--- EXTRACTED ENTRIES Enclosed Below ---

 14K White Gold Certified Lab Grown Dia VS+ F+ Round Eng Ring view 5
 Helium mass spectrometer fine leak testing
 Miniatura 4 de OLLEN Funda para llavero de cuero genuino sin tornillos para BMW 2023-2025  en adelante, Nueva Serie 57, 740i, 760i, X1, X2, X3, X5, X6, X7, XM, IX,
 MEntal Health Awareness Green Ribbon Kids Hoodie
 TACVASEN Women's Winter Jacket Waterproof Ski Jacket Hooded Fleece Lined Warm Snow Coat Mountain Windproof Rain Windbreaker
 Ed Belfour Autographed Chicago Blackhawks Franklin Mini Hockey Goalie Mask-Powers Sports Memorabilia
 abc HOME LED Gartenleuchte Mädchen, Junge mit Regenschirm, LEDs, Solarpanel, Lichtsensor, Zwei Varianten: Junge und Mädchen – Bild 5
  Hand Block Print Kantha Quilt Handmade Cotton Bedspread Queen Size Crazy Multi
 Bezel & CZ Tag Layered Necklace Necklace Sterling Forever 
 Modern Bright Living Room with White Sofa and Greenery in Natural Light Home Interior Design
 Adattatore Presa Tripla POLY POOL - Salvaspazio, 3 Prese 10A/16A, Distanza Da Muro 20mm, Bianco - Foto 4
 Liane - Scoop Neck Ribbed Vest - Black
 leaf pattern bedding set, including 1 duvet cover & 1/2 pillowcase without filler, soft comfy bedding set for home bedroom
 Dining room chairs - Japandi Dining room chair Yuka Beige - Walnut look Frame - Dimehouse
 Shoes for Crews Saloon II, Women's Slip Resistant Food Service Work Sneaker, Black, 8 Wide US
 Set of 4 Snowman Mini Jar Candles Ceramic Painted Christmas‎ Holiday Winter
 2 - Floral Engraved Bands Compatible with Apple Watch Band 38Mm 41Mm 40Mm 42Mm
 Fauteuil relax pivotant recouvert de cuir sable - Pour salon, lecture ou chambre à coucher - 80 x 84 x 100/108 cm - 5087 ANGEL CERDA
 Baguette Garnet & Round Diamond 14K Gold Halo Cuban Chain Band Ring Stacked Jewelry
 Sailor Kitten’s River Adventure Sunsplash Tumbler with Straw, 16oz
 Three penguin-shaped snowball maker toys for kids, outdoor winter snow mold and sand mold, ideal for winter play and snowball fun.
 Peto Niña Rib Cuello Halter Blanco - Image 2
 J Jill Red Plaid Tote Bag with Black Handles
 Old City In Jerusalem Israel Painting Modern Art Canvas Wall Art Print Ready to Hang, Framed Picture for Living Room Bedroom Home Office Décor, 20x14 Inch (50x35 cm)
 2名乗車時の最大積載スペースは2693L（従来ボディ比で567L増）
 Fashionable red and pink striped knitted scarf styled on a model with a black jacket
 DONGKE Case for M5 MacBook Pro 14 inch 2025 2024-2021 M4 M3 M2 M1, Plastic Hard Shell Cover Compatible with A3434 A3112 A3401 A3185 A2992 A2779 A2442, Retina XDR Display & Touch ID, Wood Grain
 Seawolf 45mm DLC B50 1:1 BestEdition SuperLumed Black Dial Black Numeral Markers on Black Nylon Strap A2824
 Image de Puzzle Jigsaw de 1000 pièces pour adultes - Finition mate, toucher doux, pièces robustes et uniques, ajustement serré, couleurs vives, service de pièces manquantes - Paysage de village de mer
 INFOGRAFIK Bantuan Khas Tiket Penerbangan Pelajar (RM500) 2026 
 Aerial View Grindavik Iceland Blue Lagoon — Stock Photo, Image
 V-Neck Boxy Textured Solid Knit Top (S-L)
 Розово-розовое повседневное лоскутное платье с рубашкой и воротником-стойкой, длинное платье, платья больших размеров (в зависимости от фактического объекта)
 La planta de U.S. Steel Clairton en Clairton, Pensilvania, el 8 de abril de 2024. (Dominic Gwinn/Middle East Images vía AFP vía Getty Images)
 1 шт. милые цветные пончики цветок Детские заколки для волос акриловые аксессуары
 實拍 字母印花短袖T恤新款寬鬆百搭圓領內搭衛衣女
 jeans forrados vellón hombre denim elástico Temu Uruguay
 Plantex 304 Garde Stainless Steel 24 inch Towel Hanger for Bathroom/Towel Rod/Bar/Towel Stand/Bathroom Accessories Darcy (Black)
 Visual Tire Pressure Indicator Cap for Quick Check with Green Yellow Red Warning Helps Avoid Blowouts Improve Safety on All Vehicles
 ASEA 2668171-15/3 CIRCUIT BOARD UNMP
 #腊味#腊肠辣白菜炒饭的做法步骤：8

--- End of Enclosed EXTRACTED ENTRIES ---

■ TASK:
Quote, with nothing altered, all lines from the start of the entries to the line that carries "leaf pattern bedding", inclusive.

■ SOLUTION:
 14K White Gold Certified Lab Grown Dia VS+ F+ Round Eng Ring view 5
 Helium mass spectrometer fine leak testing
 Miniatura 4 de OLLEN Funda para llavero de cuero genuino sin tornillos para BMW 2023-2025  en adelante, Nueva Serie 57, 740i, 760i, X1, X2, X3, X5, X6, X7, XM, IX,
 MEntal Health Awareness Green Ribbon Kids Hoodie
 TACVASEN Women's Winter Jacket Waterproof Ski Jacket Hooded Fleece Lined Warm Snow Coat Mountain Windproof Rain Windbreaker
 Ed Belfour Autographed Chicago Blackhawks Franklin Mini Hockey Goalie Mask-Powers Sports Memorabilia
 abc HOME LED Gartenleuchte Mädchen, Junge mit Regenschirm, LEDs, Solarpanel, Lichtsensor, Zwei Varianten: Junge und Mädchen – Bild 5
  Hand Block Print Kantha Quilt Handmade Cotton Bedspread Queen Size Crazy Multi
 Bezel & CZ Tag Layered Necklace Necklace Sterling Forever 
 Modern Bright Living Room with White Sofa and Greenery in Natural Light Home Interior Design
 Adattatore Presa Tripla POLY POOL - Salvaspazio, 3 Prese 10A/16A, Distanza Da Muro 20mm, Bianco - Foto 4
 Liane - Scoop Neck Ribbed Vest - Black
 leaf pattern bedding set, including 1 duvet cover & 1/2 pillowcase without filler, soft comfy bedding set for home bedroom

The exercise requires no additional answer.